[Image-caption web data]
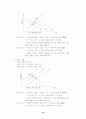 미시경제 10페이지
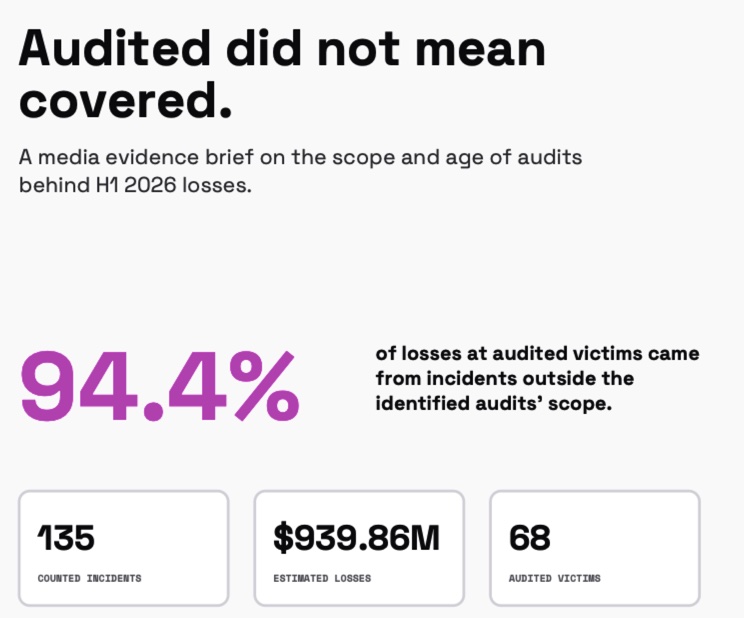 Hackers Torch $940M In 6 Months, and Security Audits Missed 94% of It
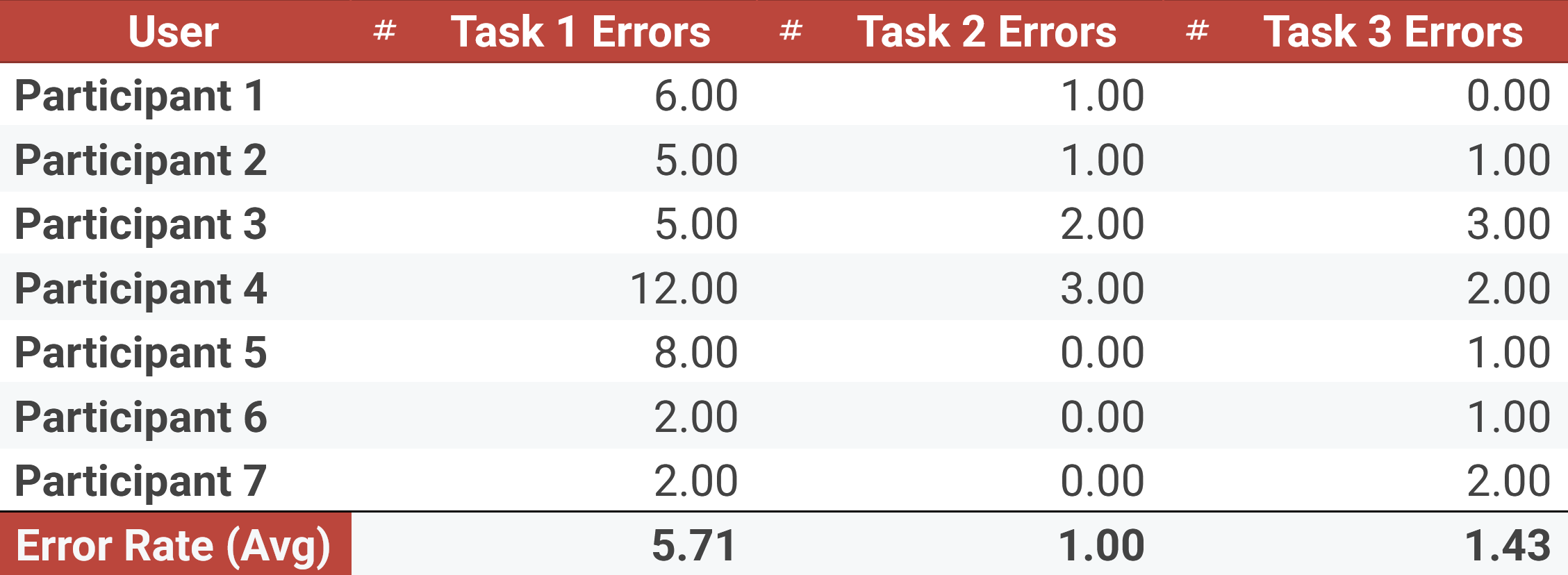 Misclick (Error) Rate Metrics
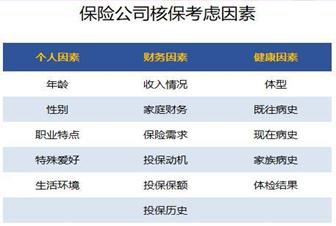 買保險需要注意什麼問題？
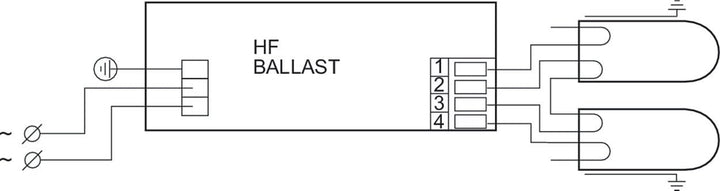 Elektronisches Vorschaltgerät 2x55/58W PHILIPS HF-B 158 258 TLD EII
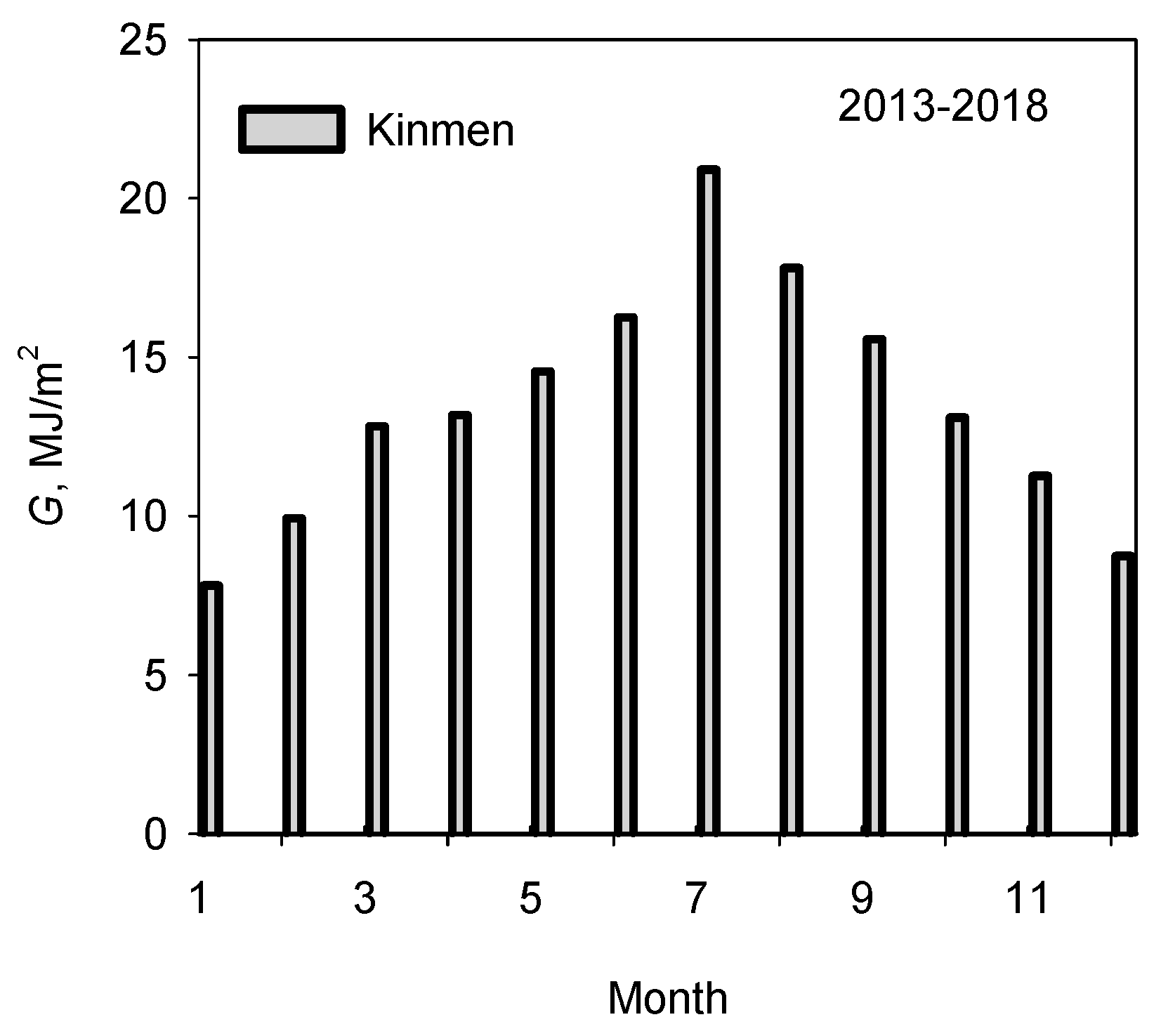 Energies 12 03944 g001 Energies 12 03944 g001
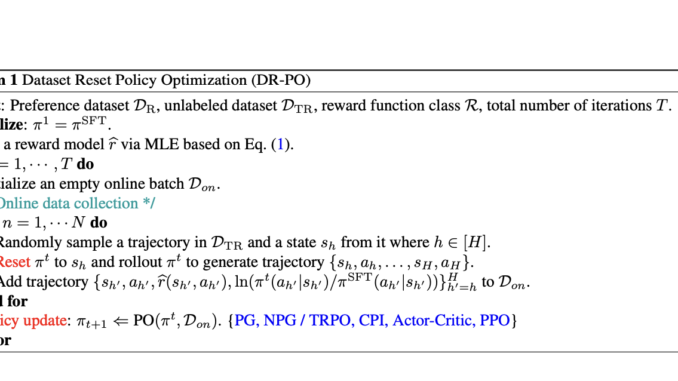 Dataset Reset Policy Optimization (DR-PO): A Machine Learning Algorithm that Exploits a Generative Model’s Ability to Reset from Offline Data to Enhance RLHF from Preference-based Feedback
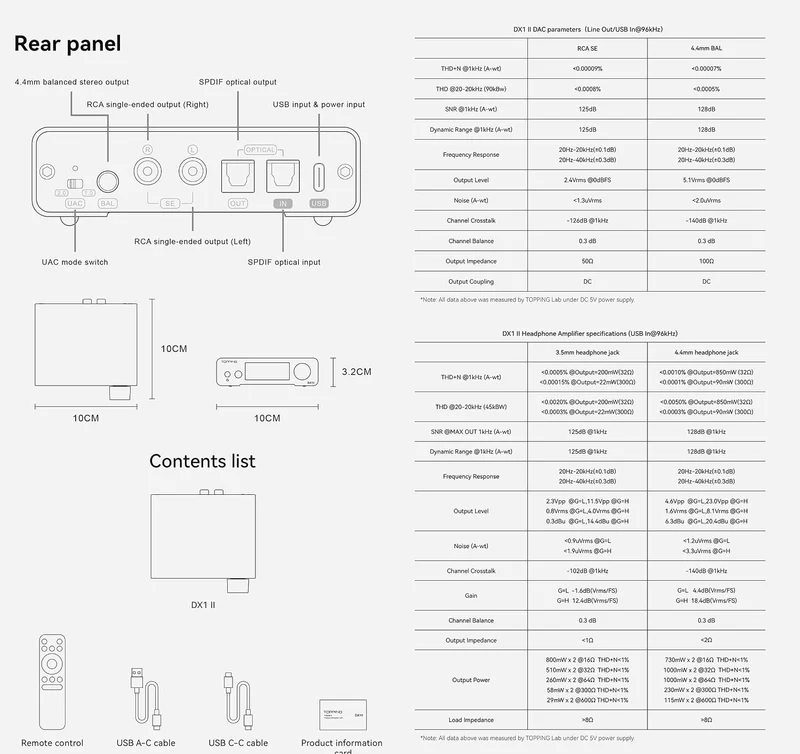 Topping DX1 II Gaming HiFi DAC-Kopfhörerverstärker – ES9039Q2M-Decoder 1000 mW × 2 vollsymmetrischer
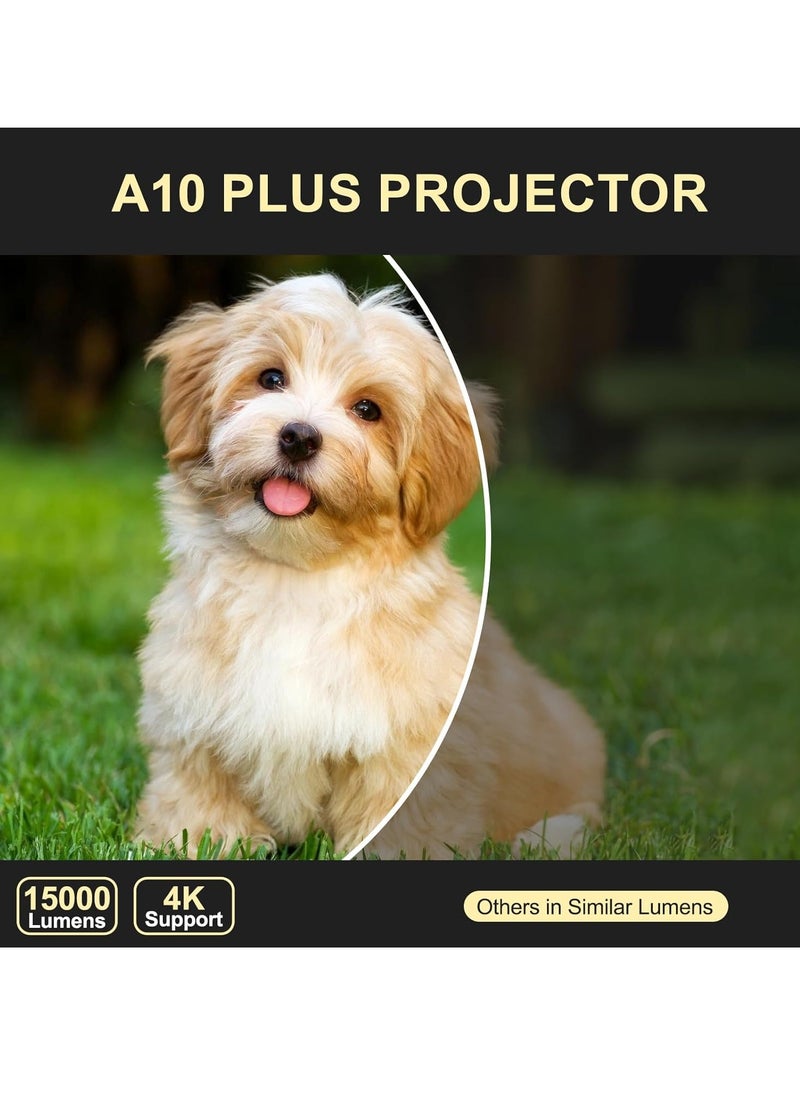 A10 PLUS Projector – Android 11.0, Electric Focus, WiFi 6, Auto Keystone, 15,000 Lumens, Full HD 1080P Supported, 360° Angle Adjustment, Home Theater Movie Projector for Ultimate Viewing Experience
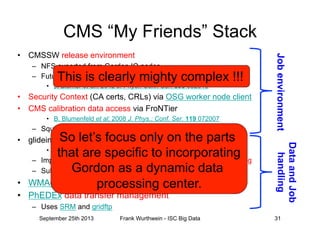 CMS “My Friends” Stack
•  CMSSW release environment
–  NFS exported from Gordon IO nodes
–  Future: CernVM-FS via Squid caches
•  J. Blomer et al.; 2012 J. Phys.: Conf. Ser. 396 052013
•  Security Context (CA certs, CRLs) via OSG worker node client
•  CMS calibration data access via FroNTier
•  B. Blumenfeld et al; 2008 J. Phys.: Conf. Ser. 119 072007
–  Squid caches installed on Gordon IO nodes
•  glideinWMS
•  I. Sfiligoi et al.; doi:10.1109/CSIE.2009.950
–  Implements “late binding” provisioning of CPU and job scheduling
–  Submits pilots to Gordon via BOSCO (GSI-SSH)
•  WMAgent to manage CMS workloads
•  PhEDEx data transfer management
–  Uses SRM and gridftp
September 25th 2013 Frank Wurthwein - ISC Big Data 31
Jobenvironment
DataandJob
handling
This is clearly mighty complex !!!
So let’s focus only on the parts
that are specific to incorporating
Gordon as a dynamic data
processing center.
 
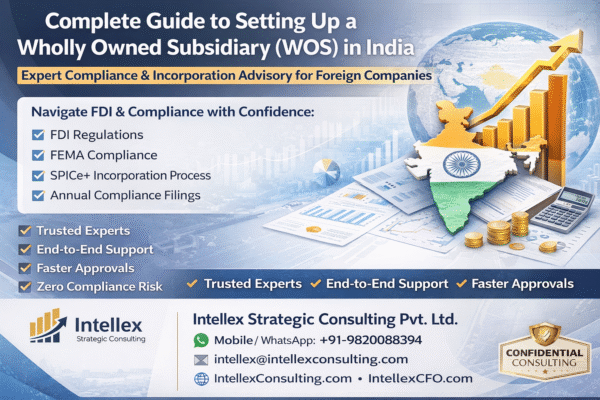 Complete Guide to Setting Up a Wholly Owned Subsidiary (WOS) in India - Compliance, Process & FDI Regulations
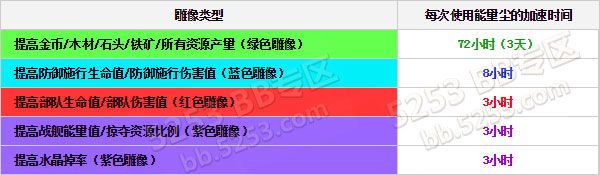 海岛奇兵雕像增益数据一览！四种颜色石像数据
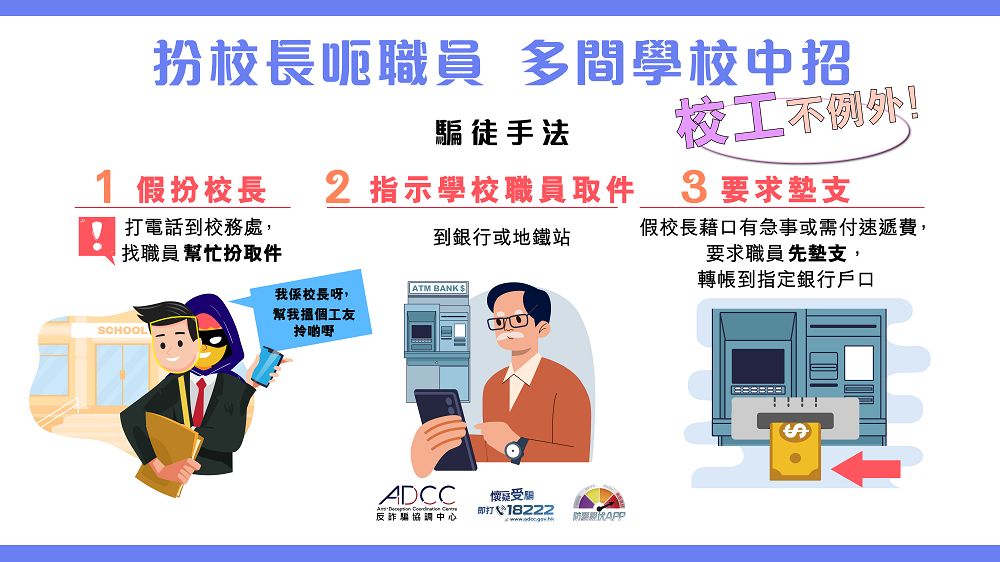 2月發生多宗「扮校長」呃學校職員　有熱心校工中招慘被呃$13萬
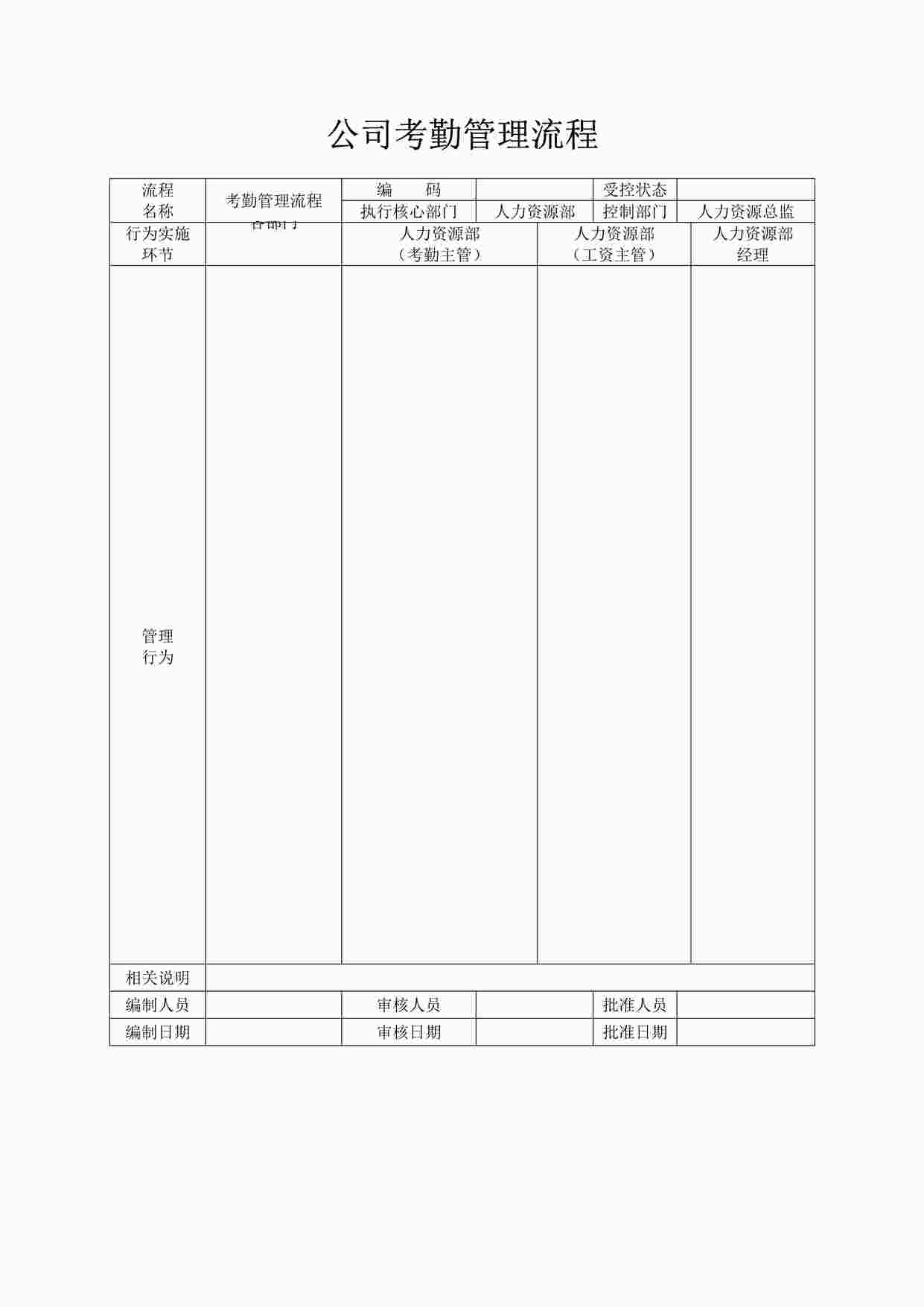 “最新公司考勤管理流程DOCX”第1页图片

WHAT TO PRODUCE
Output the entries verbatim, skipping images.

EXERCISE OUTPUT
 미시경제 10페이지
 Hackers Torch $940M In 6 Months, and Security Audits Missed 94% of It
 Misclick (Error) Rate Metrics
 買保險需要注意什麼問題？
 Elektronisches Vorschaltgerät 2x55/58W PHILIPS HF-B 158 258 TLD EII
 Energies 12 03944 g001 Energies 12 03944 g001
 Dataset Reset Policy Optimization (DR-PO): A Machine Learning Algorithm that Exploits a Generative Model’s Ability to Reset from Offline Data to Enhance RLHF from Preference-based Feedback
 Topping DX1 II Gaming HiFi DAC-Kopfhörerverstärker – ES9039Q2M-Decoder 1000 mW × 2 vollsymmetrischer
 A10 PLUS Projector – Android 11.0, Electric Focus, WiFi 6, Auto Keystone, 15,000 Lumens, Full HD 1080P Supported, 360° Angle Adjustment, Home Theater Movie Projector for Ultimate Viewing Experience
 CMS “My Friends” Stack
•  CMSSW release environment
–  NFS exported from Gordon IO nodes
–  Future: CernVM-FS via Squid caches
•  J. Blomer et al.; 2012 J. Phys.: Conf. Ser. 396 052013
•  Security Context (CA certs, CRLs) via OSG worker node client
•  CMS calibration data access via FroNTier
•  B. Blumenfeld et al; 2008 J. Phys.: Conf. Ser. 119 072007
–  Squid caches installed on Gordon IO nodes
•  glideinWMS
•  I. Sfiligoi et al.; doi:10.1109/CSIE.2009.950
–  Implements “late binding” provisioning of CPU and job scheduling
–  Submits pilots to Gordon via BOSCO (GSI-SSH)
•  WMAgent to manage CMS workloads
•  PhEDEx data transfer management
–  Uses SRM and gridftp
September 25th 2013 Frank Wurthwein - ISC Big Data 31
Jobenvironment
DataandJob
handling
This is clearly mighty complex !!!
So let’s focus only on the parts
that are specific to incorporating
Gordon as a dynamic data
processing center.
 
 Complete Guide to Setting Up a Wholly Owned Subsidiary (WOS) in India - Compliance, Process & FDI Regulations
 海岛奇兵雕像增益数据一览！四种颜色石像数据
 2月發生多宗「扮校長」呃學校職員　有熱心校工中招慘被呃$13萬
 “最新公司考勤管理流程DOCX”第1页图片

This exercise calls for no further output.